### REQUIRED WORK
Aside from the pictures, the entries should be given again exactly.

------ RECORDS SHOWN ------

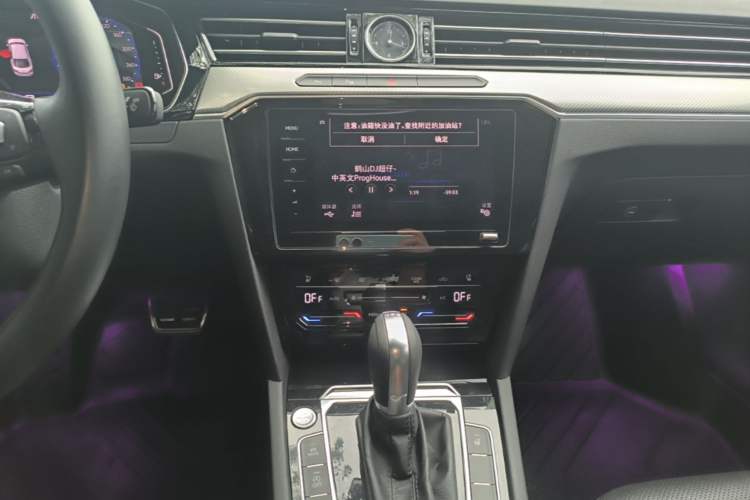 Used Volkswagen FAW-Volkswagen CC 2020 330TSI Glamour Edition China VI Standard Audio And AC Panel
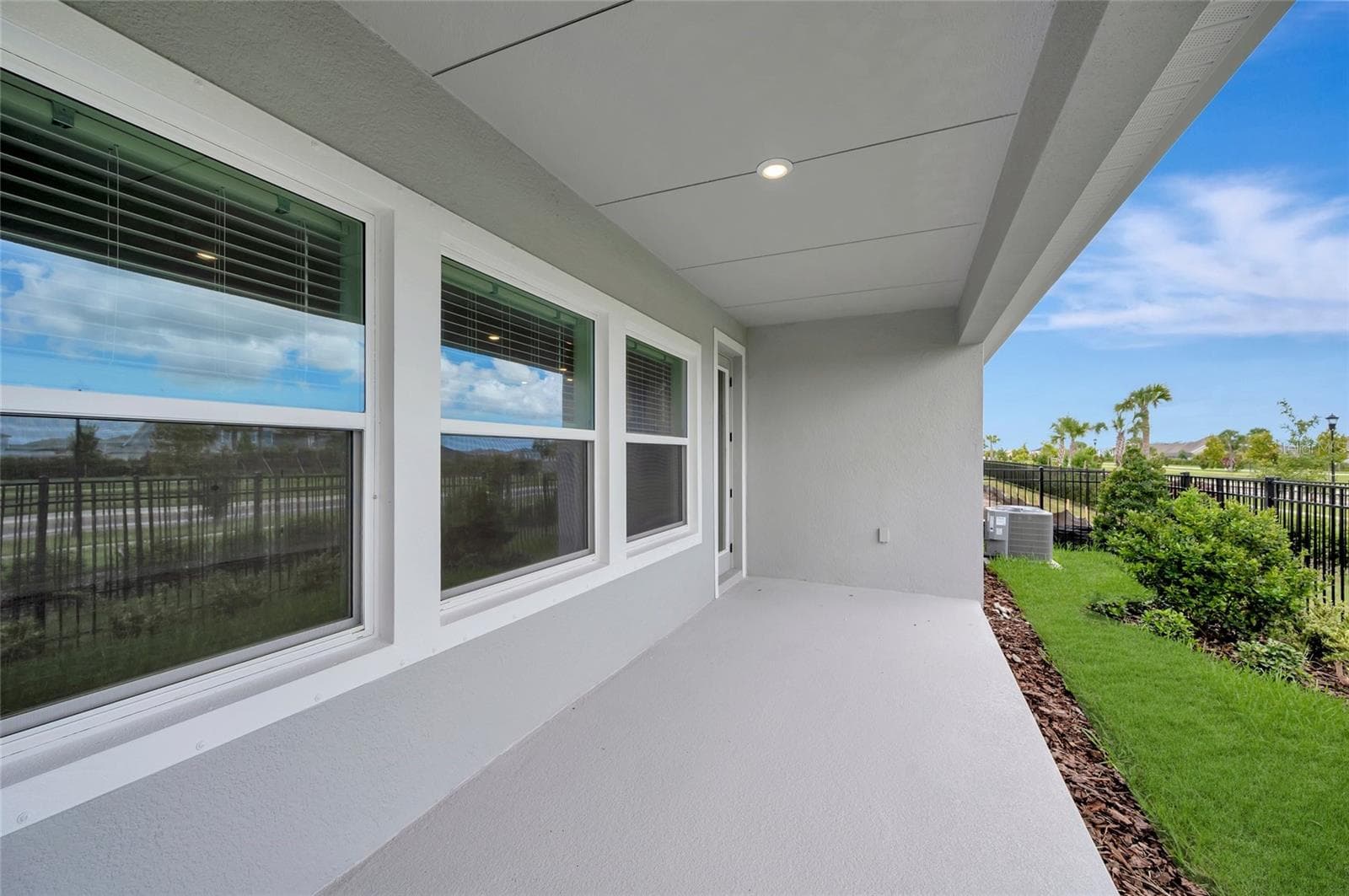 Rear Porch - 5254 COLONY VISTA DR, APOLLO BEACH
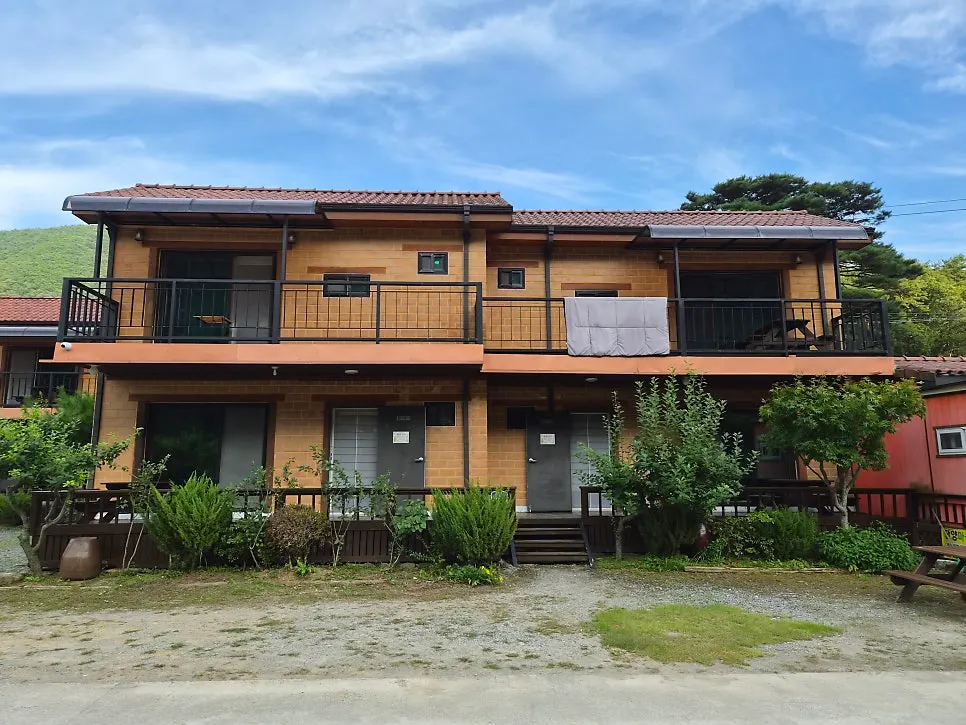 Exterior of the hwangto building with the Seokmun room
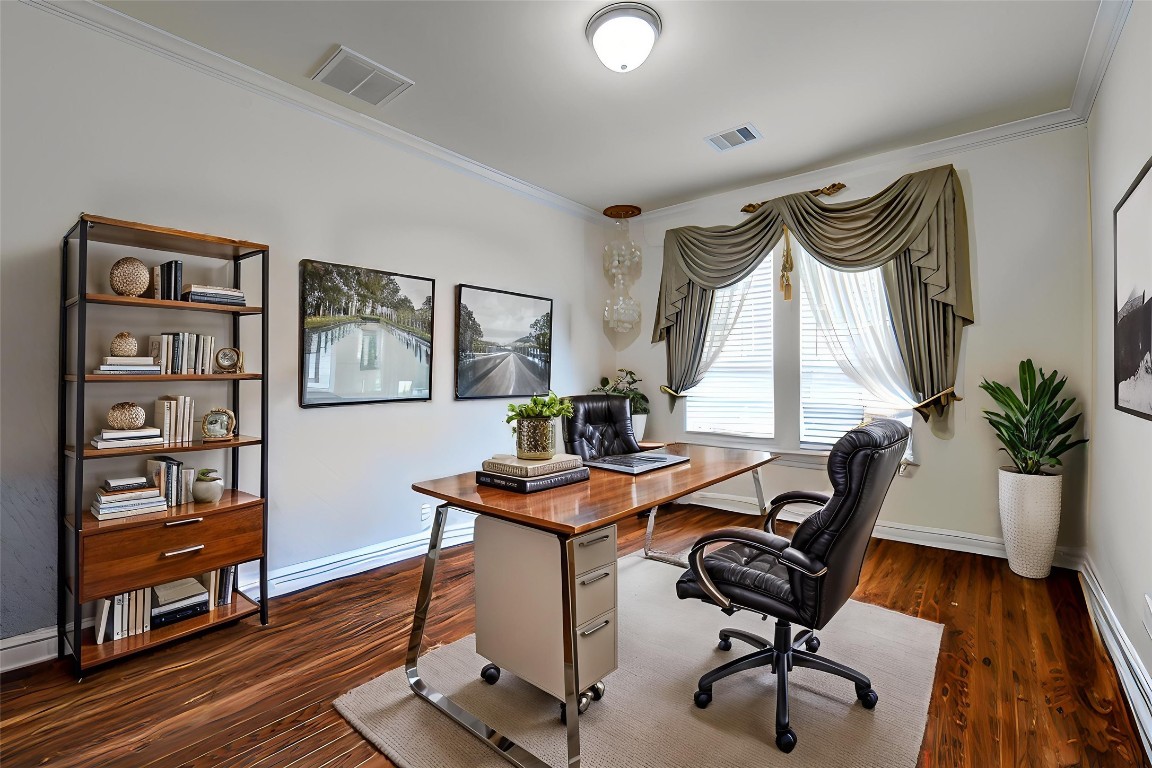 4602 Kingston Shores Lane Rosharon, TX 77583 - Photo 13 of 38 Home Office - Virtually Staegd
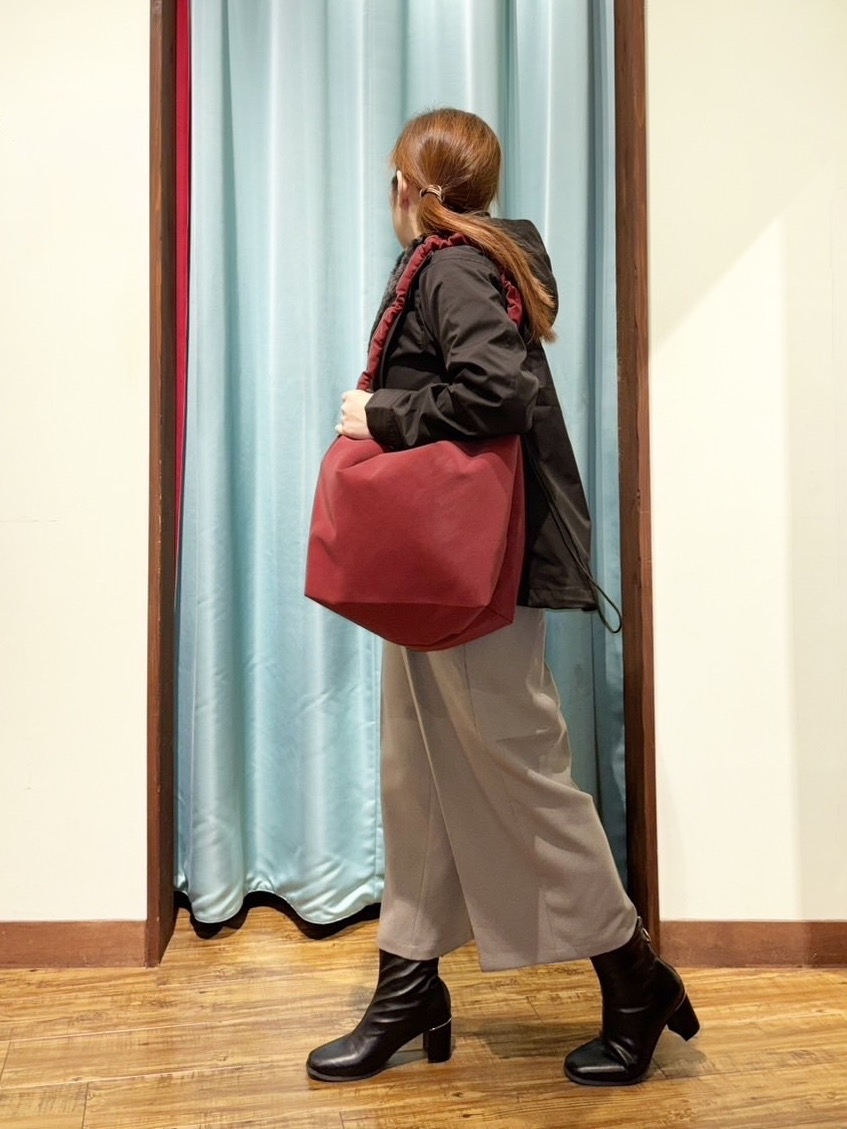 tukiさんの「SHOO･LA･RUE｜【洗濯機可/撥水/マルチWAY】ファーライナー付き 毎日欲張りマンパ」を使ったコーディネート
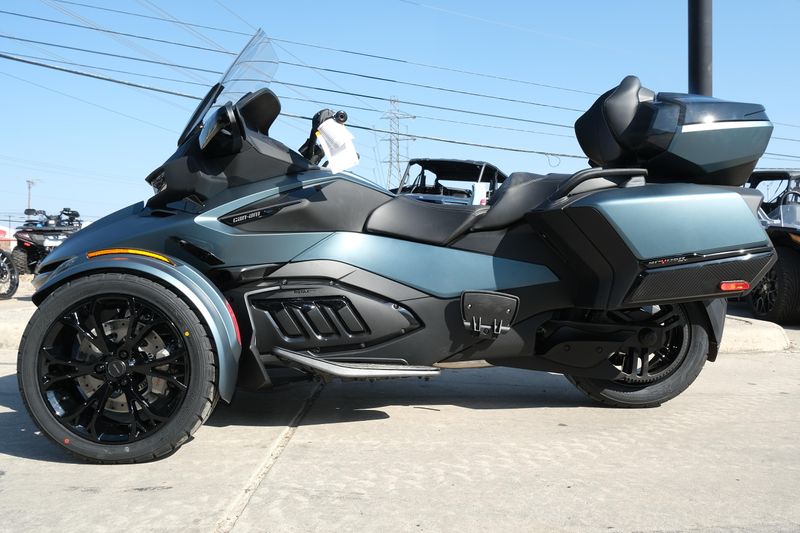 2025 Can-Am SPYDER RT LIMITED MINERAL BLUE WITH DARK ACCENTSImage 11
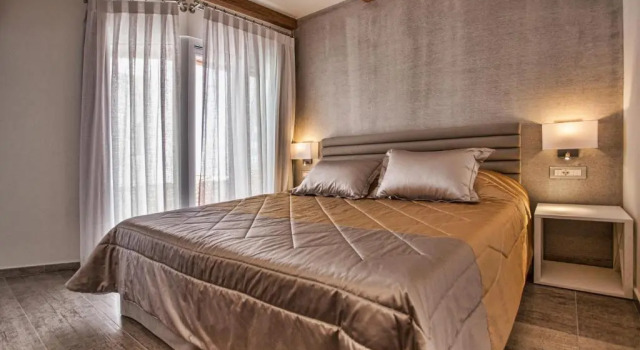 Полулюкс Economy Цокольный этаж Omiros Boutique Hotel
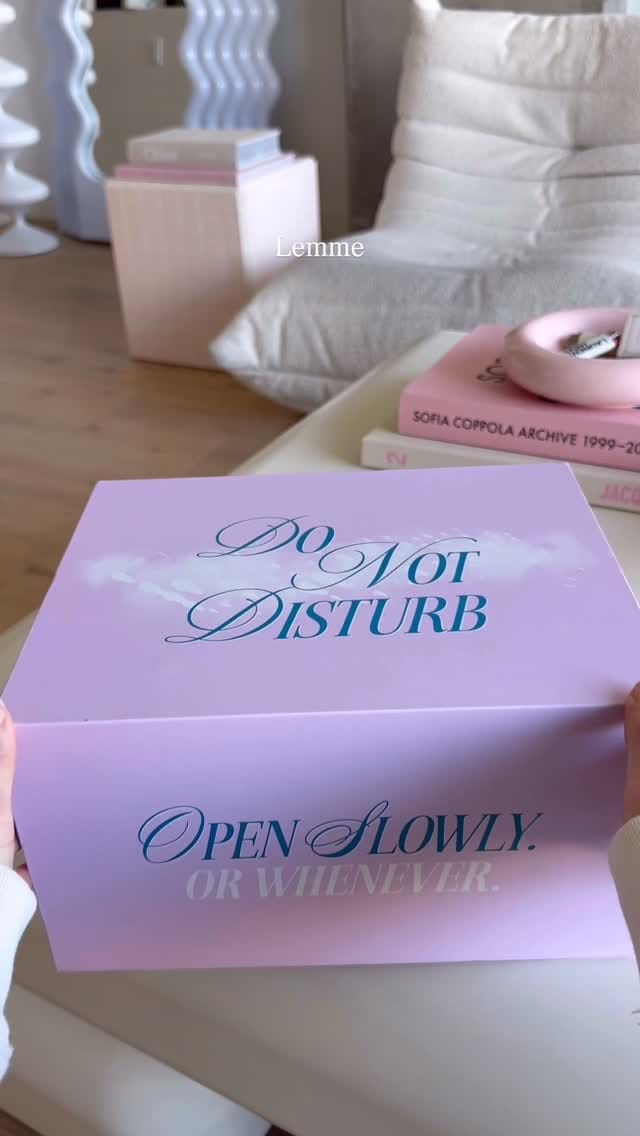 Post 7 by VALERIE SANDERS on Instagram (video)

------

### RESULT
 Used Volkswagen FAW-Volkswagen CC 2020 330TSI Glamour Edition China VI Standard Audio And AC Panel
 Rear Porch - 5254 COLONY VISTA DR, APOLLO BEACH
 Exterior of the hwangto building with the Seokmun room
 4602 Kingston Shores Lane Rosharon, TX 77583 - Photo 13 of 38 Home Office - Virtually Staegd
 tukiさんの「SHOO･LA･RUE｜【洗濯機可/撥水/マルチWAY】ファーライナー付き 毎日欲張りマンパ」を使ったコーディネート
 2025 Can-Am SPYDER RT LIMITED MINERAL BLUE WITH DARK ACCENTSImage 11
 Полулюкс Economy Цокольный этаж Omiros Boutique Hotel
 Post 7 by VALERIE SANDERS on Instagram (video)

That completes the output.